C’était pendant les années de guerre, du temps du rationnement, lorsque les métaux et objets métalliques s’obtenaient avec des «bons-matière». Cette pancarte, je l’ai vue pendant un an, suspendue à la porte de la maison de mes grands-parents chez lesquels j’étais réfugiée. Mon grand-père était alors forgeron-maréchal ferrant. C’est sans doute la raison pour laquelle ma grand-mère avait été chargée de la distribution de cette « monnaie ».

Dans mon souvenir, je ne peux séparer cette pancarte de la forge de mon grand-père . C’était un endroit où il m’était interdit de pénétrer mais qui me semblait à la fois fascinant et monstrueux. C’est là que mon grand-père commençait sa journée. De ma chambre, qui jouxtait l’atelier, je pouvais l’entendre, dès cinq heures du matin, frapper sur son enclume, en chantant, pour façonner ses fers. C’était un rythme étrange, ces coups de marteau qui allaient par paires : un coup sur le fer, un rebond sur l’enclume…. Plus tard, dans la journée, les fermiers amenaient leurs chevaux. Quel spectacle ! Pendant que l’apprenti maintenait sur son tablier de cuir la patte immobile, mon grand-père appliquait le fer sur le sabot. J’étais persuadée que l’animal souffrait, bien que l’on m’eût expliqué le contraire. J’avais mal moi aussi, mais pour rien au monde je n’ aurais manqué ce spectacle. Le soir, ma grand-mère, munie d’une pelle et d’une  balayette ramassait le précieux crottin qu’elle déposait au pied de ses rosiers. Je me souviens des roses de ma grand-mère, les plus belles et les plus parfumées que j’aie jamais vues.

Après la mort de mes grands-parents, j’ai retrouvé cette pancarte, au milieu de vieux papiers, chiffons et cartons. J’ai pu la sauver par miracle, tant elle avait piètre figure, noircie et couverte de toiles d’araignées.

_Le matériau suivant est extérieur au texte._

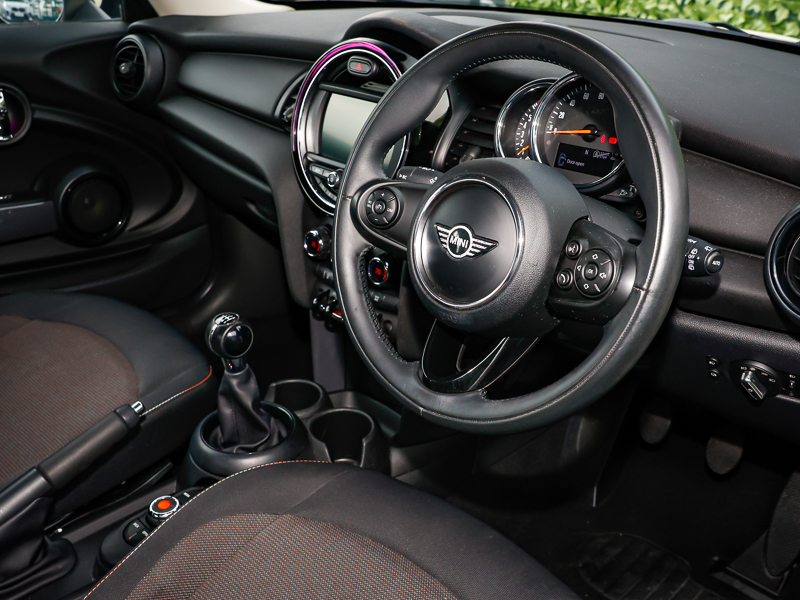 Mini Hatch 1.5 Cooper Euro 6 Ss Red #11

Maintenant, sous verre, elle est exposée chez moi et intrigue les visiteurs. Quand je passe devant elle, je ne manque jamais de lui jeter un coup d’œil et j’entends – oui, j’entends vraiment – les doubles coups résonnant sur l’enclume : tac, tac… tac-tac… comme une horloge lointaine qui rythme le temps de ma mémoire.